On 10/07/14 00:22, Tian, Kevin wrote:
>> From: Jan Beulich [mailto:JBeulich@suse.com]
>> Sent: Thursday, June 26, 2014 3:30 AM
>>
>> All,
>>
>> VT-d code currently has a number of cases where completion of certain 
>> operations is being waited for by way of spinning. The various 
>> instances can be identified relatively easily by grep-ing for all 
>> uses of DMAR_OPERATION_TIMEOUT (the majority of instances use that 
>> variable indirectly through IOMMU_WAIT_OP()), allowing for loops of 
>> up to 1 second. While in many of the cases this _may_ be acceptable 
>> (which would need to be proven for each individual case, also taking 
>> into consideration how many of these spinning loops may be executed 
>> in a row with no preemption/scheduling in between), the invalidation 
>> case seems particularly problematic: Using DMAR_OPERATION_TIMEOUT is 
>> a mistake here in the first place, as the timeout here isn't related 
>> to response times by the IOMMU engine.

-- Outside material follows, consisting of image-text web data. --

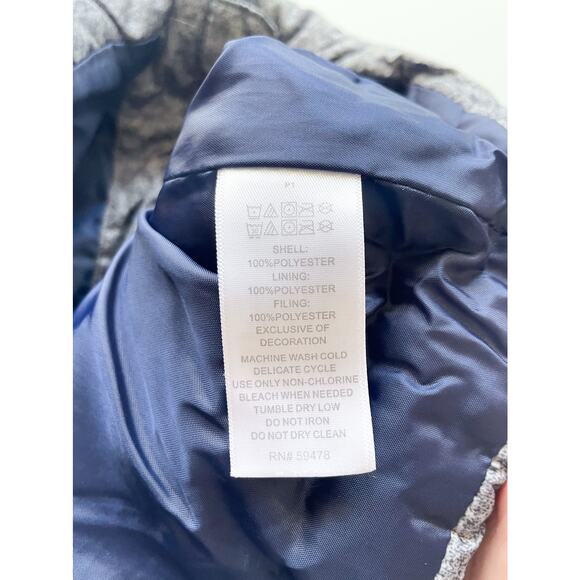 Toddler Boy's Rorie Whelan Gray Puffer Vest Size 2T - Picture 3 of 4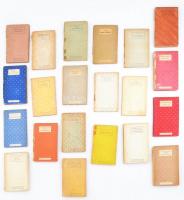 Officina Könyvtára 21 kötete Bp., 1941-1947 ., Officina. Kiadói kartonált papírkötések, változó állapotban, nagyrészt sérült, hiányzó gerincekkel, egy-két kötetben aláhúzással, foltokkal.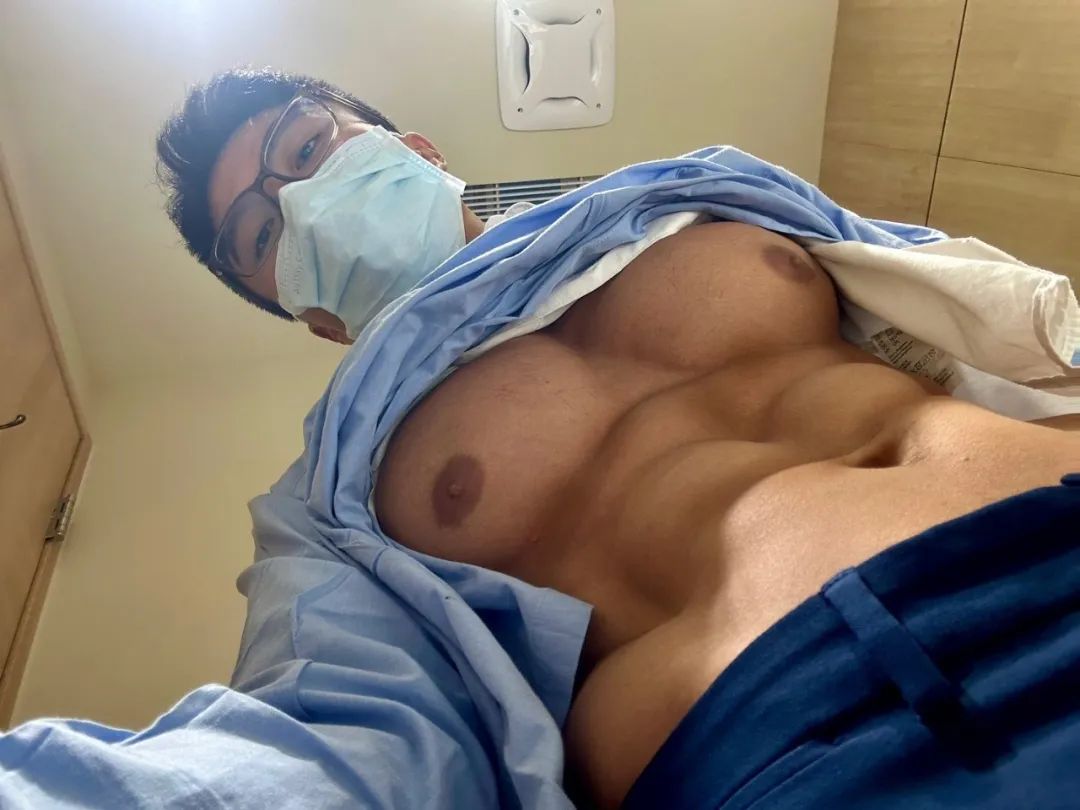 这名网红医生最近火了,脱掉制服,这胸肌也太大了! 这名网红医生最近火了,脱掉制服,这胸肌也太大了!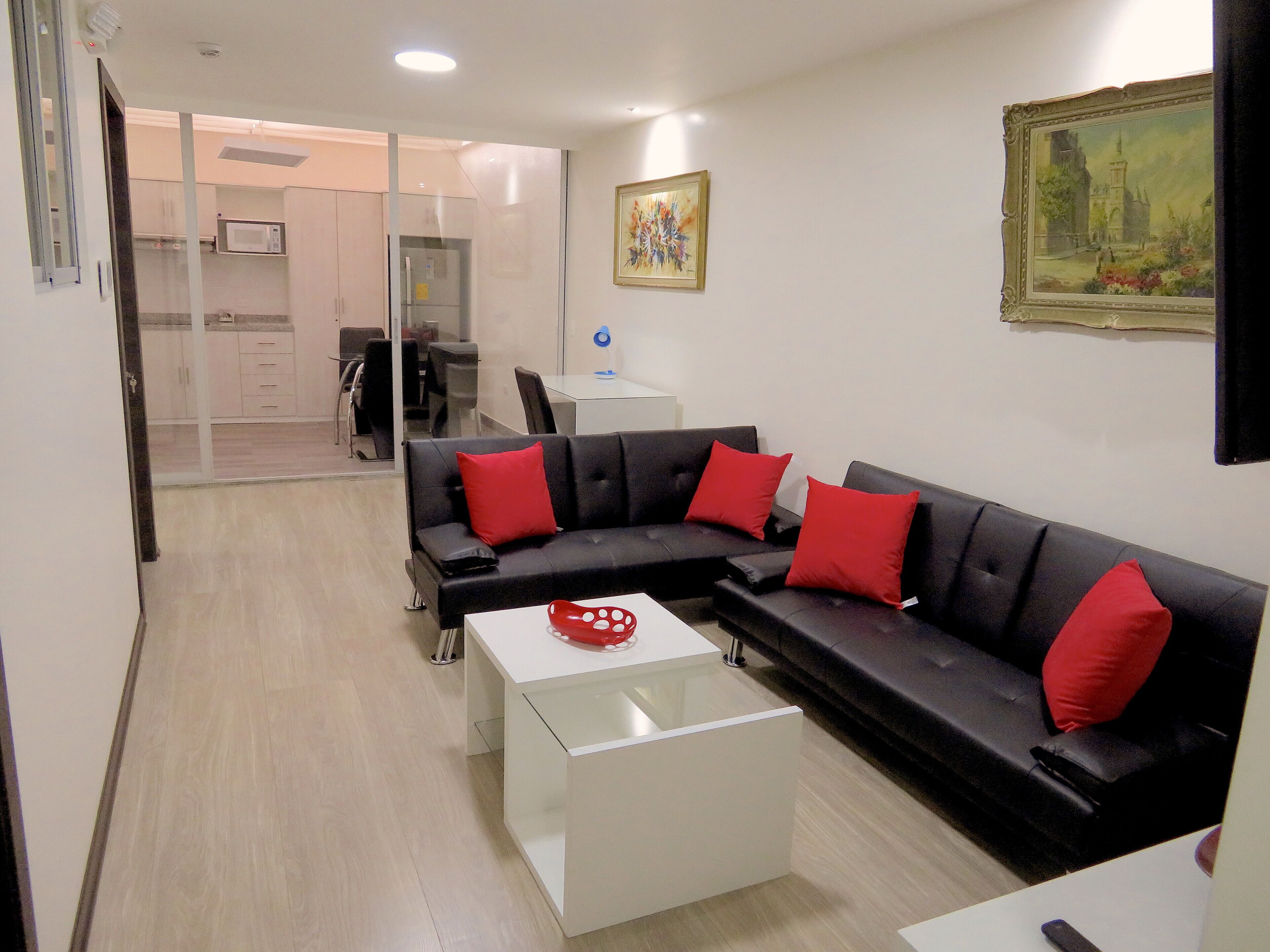 Design Apartment, 2 Bedrooms, Non Smoking, Kitchen | Living area | Plasma TV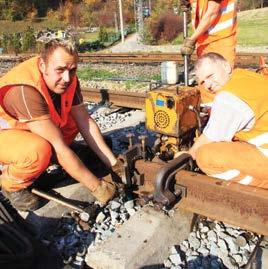 delenie hutného materiálu, nameranie a úprava dĺžok spojovacích tyčí, rovnanie a ohýbanie koľajníc na predpísaný tvar podľa šablóny na ohýbačke alebo ručne pomocou strmeňov.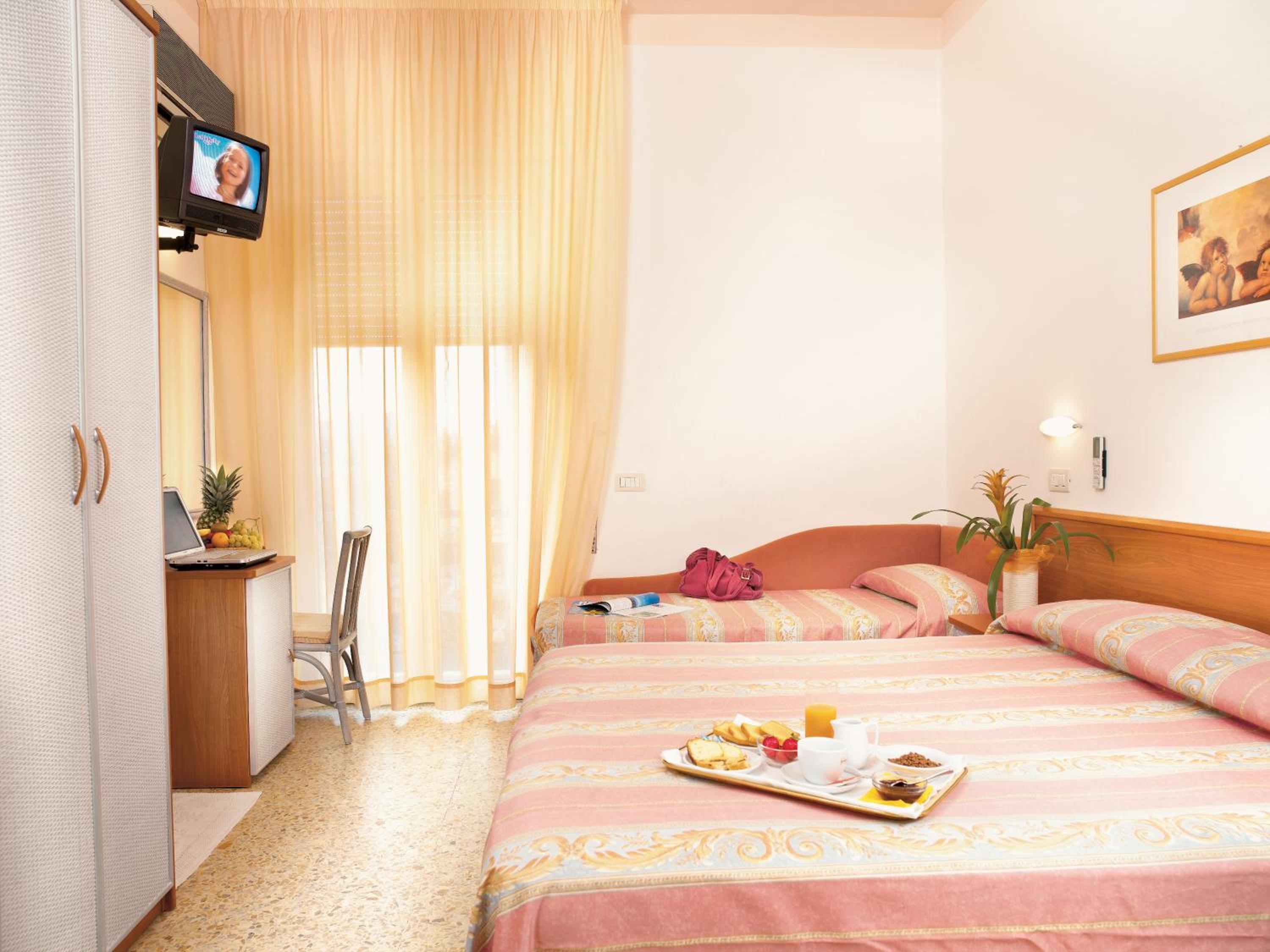 Triple Room with Balcony photo 1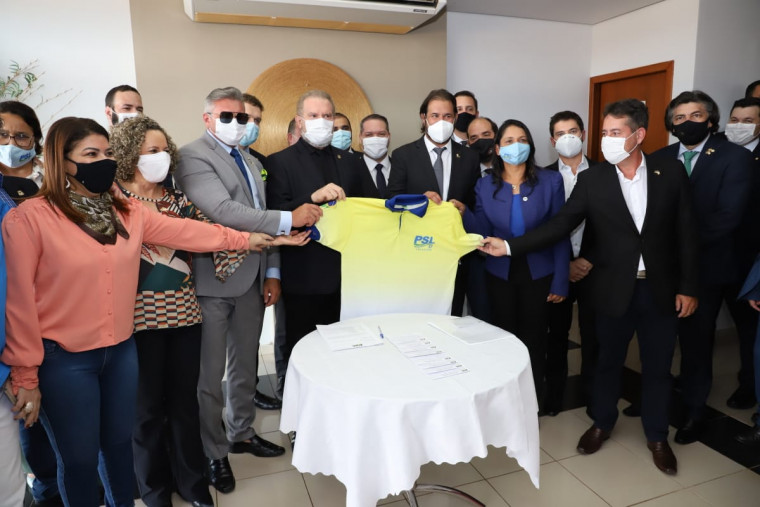 Governador Carlesse recebeu uma camisa do PSL durante a filiação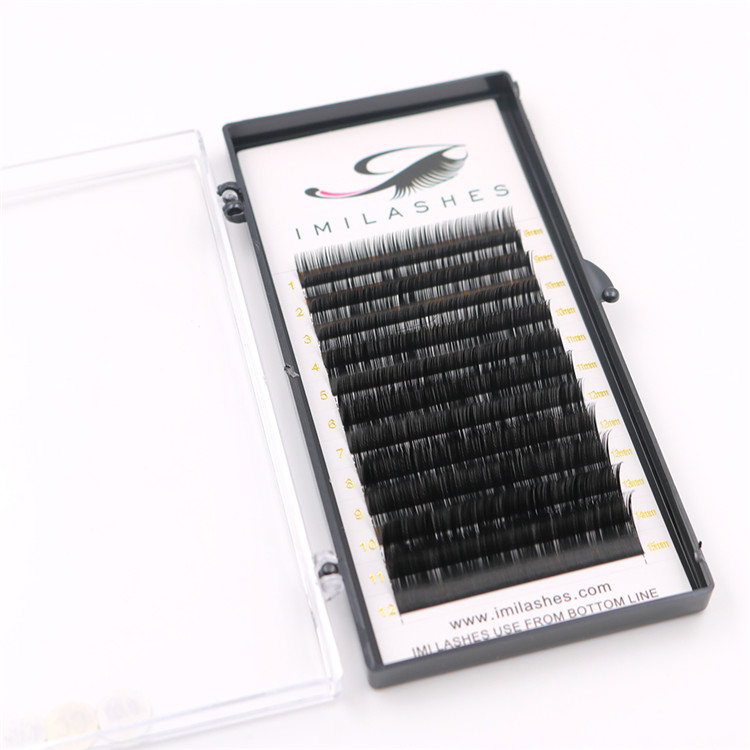 false-eyelashes-salon.JPG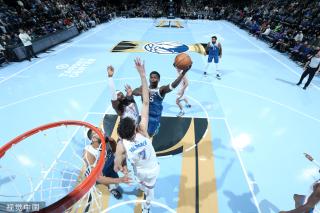 一条惊人的 一条惊人的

Instead - with ATS in use - 
>> the specification mandates a timeout of 1 _minute_ (with a 50% slack, 
>> the meaning of which none of us [Andrew and Malcolm brought this 
>> issue to my attention in private talks on the hackathon] was able to 
>> really interpret in a sensible way).
> yes, that's not a good design. Most waits happen in IOMMU 
> initialization, where 1s timeout is less a big issue. At runtime 
> cache/tlb flush and root entry manipulation are definitely not good with long spinning .
>
>> So there are two things that need doing rather sooner than later:
>>
>> First and foremost the ATS case needs to be taken into consideration 
>> when doing invalidations. Obviously we can't spin for a minute, so 
>> invalidation absolutely needs to be converted to a non-spinning model.
>> We realize this isn't going to be trivial, which is why we bring this 
>> up here rather than coming forward with a patch right away.
> ATS should be fine. Device TLB can ONLY be validated through qinval 
> interface, which is asynchronous so no need to consider 1 minute 
> timeout even in current spinning model.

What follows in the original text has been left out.